O técnico da Empresa Paraibana de Pesquisa Agropecuária (Emepa), Wandrick Hauss de Sousa, viaja esta semana à África do Sul para fazer seleções, eleger os cruzamentos de ovinos e caprinos para a aquisição dos embriões. Até meados de 2010, a Paraíba importará cerca de 2.000 embriões que serão transplantados no Laboratório de Biotecnologia na Estação Experimental de Pendência, em Soledade. O grande objetivo será a ampliação da bacia leiteira através do melhoramento genético.

O secretário-executivo da Pecuária, Newton Marinho, revela que a transferência de embriões é a maneira mais rápida e econômica. Técnicos da África do Sul virão à Paraíba orientar o trabalho, transferindo a tecnologia para jovens veterinários da Emepa que serão devidamente capacitados. O investimento foi calculado em cerca de R$ 700 mil, mas o retorno esperado a médio e longo prazo terá grande valor econômico. O técnico Wandrick Hauss escolherá animais machos e fêmeas de raça pura que seja efetivado o contrato. Por exemplo, de um reprodutor e uma fêmea leiteira o Estado pode decidir pela compra de 50 ou 100 embriões gerados pelos dois animais.

Os contratos internacionais são muito rígidos e no Nordeste brasileiro somente o Governo da Paraíba tem a capacidade, a experiência em transferência de embriões; por isso, detém há pelo menos uma década o status de referência em padrão genético de caprinos e ovinos. Estados vizinhos têm se espelhado no potencial paraibano. Já é a quarta ou quinta vez que o governo paraibano envia profissionais da Emepa à Àfrica do Sul.

O início – Na segunda gestão do governador José Maranhão houve significativos investimentos em genética na Paraíba, sobretudo de caprinos e ovinos. A Estação Experimental da Empresa Paraibana de Pesquisa Agropecuária (Emepa) de Tacima, hoje Campo de Santana, foi reestruturada e lá chegaram os primeiros animais, talvez em nível de Brasil, oriundos da África do Sul, e que se destinavam à caprinocultura de corte, com a raça boer e depois os ovinos dorper e savana.

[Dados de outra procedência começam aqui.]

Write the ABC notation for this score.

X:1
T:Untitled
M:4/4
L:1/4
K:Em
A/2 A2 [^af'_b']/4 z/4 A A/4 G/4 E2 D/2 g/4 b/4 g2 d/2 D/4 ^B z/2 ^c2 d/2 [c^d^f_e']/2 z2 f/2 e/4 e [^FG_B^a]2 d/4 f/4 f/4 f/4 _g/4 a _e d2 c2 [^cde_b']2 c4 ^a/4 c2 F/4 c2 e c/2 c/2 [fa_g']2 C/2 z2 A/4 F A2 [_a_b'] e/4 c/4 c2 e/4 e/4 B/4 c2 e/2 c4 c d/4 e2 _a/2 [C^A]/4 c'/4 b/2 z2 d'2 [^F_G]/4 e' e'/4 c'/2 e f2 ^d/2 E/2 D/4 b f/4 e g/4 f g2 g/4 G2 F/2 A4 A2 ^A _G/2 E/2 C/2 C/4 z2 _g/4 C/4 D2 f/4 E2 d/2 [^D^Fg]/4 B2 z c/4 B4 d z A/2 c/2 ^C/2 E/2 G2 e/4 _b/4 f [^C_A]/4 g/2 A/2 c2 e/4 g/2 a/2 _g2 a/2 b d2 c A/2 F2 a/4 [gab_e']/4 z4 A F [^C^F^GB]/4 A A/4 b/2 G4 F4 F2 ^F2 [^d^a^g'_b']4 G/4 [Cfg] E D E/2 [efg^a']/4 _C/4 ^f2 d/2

O atual secretário-executivo Newton Marinho afirma que naquela época o Governo da Paraíba fomentou uma bacia leiteira, quando foi feita uma campanha no Cariri, de Monteiro a Soledade, com distribuição de animais puros, aprimorados para produtores de leite. “A semente foi bem plantada, bem cuidada e alguns anos depois surgiu a produção de leite caprino, e hoje a Paraíba é o maior produtor do País”, revela. O rebanho caprino no Estado hoje é de 600 mil animais.

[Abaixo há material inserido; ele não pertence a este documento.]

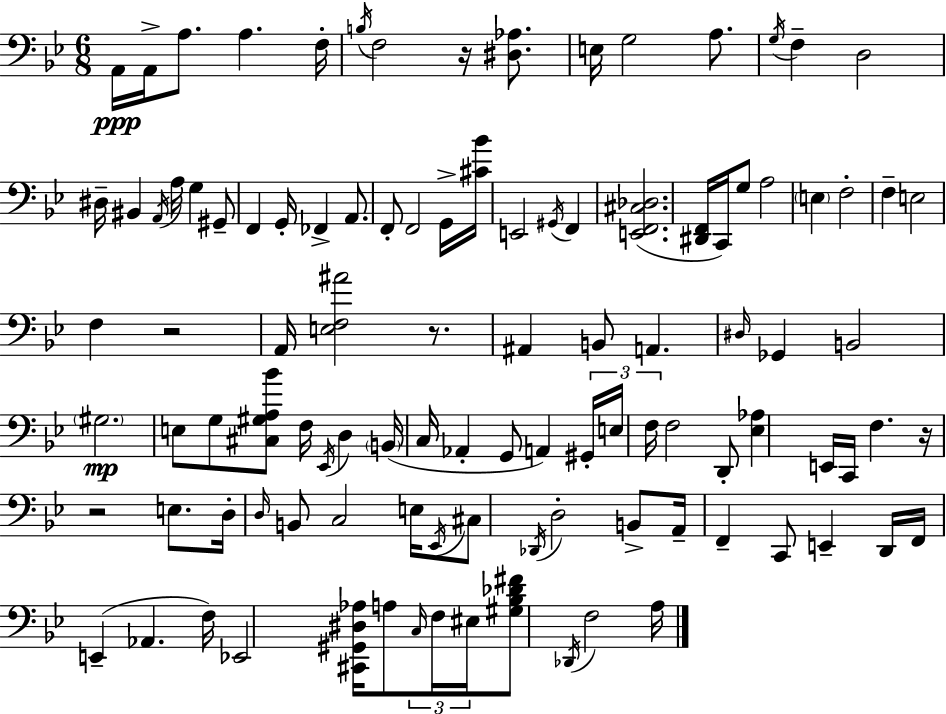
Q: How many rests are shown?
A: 5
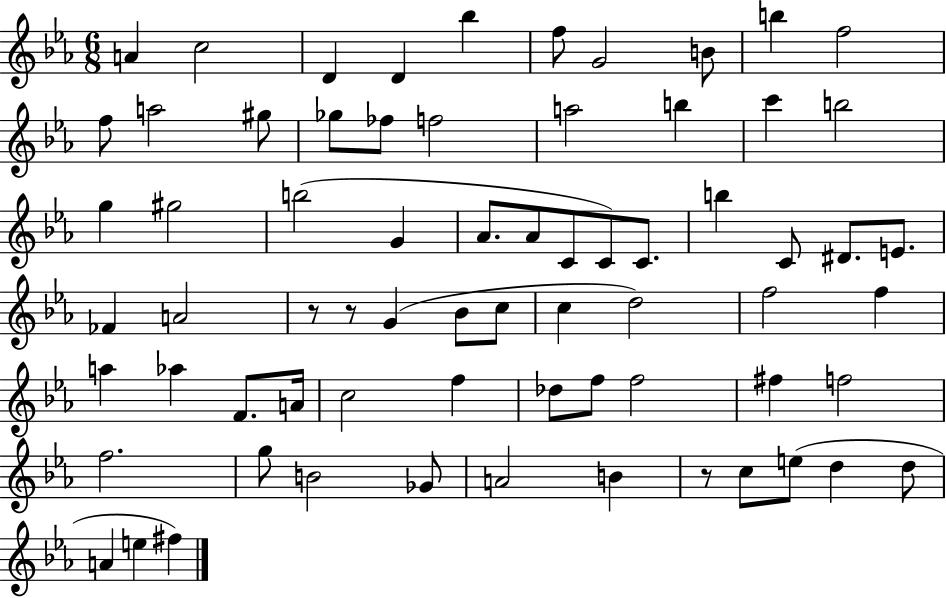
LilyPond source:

{
  \clef treble
  \numericTimeSignature
  \time 6/8
  \key ees \major
  \repeat volta 2 { a'4 c''2 | d'4 d'4 bes''4 | f''8 g'2 b'8 | b''4 f''2 | \break f''8 a''2 gis''8 | ges''8 fes''8 f''2 | a''2 b''4 | c'''4 b''2 | \break g''4 gis''2 | b''2( g'4 | aes'8. aes'8 c'8 c'8) c'8. | b''4 c'8 dis'8. e'8. | \break fes'4 a'2 | r8 r8 g'4( bes'8 c''8 | c''4 d''2) | f''2 f''4 | \break a''4 aes''4 f'8. a'16 | c''2 f''4 | des''8 f''8 f''2 | fis''4 f''2 | \break f''2. | g''8 b'2 ges'8 | a'2 b'4 | r8 c''8 e''8( d''4 d''8 | \break a'4 e''4 fis''4) | } \bar "|."
}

Passados cerca de dez anos, a atual conjuntura já necessita de uma nova disseminação de reprodutores e matrizes de raças puras e a condição é bem melhor porque a produção de leite caprino é grande, as comunidades ao longo desses anos se organizaram, existem várias associações e o Cariri hoje é uma região muito bem estruturada no que diz respeito à organização rural. Através desta estrutura no campo, o Estado pretende fomentar, renovar e ampliar a bacia leiteira de caprinos.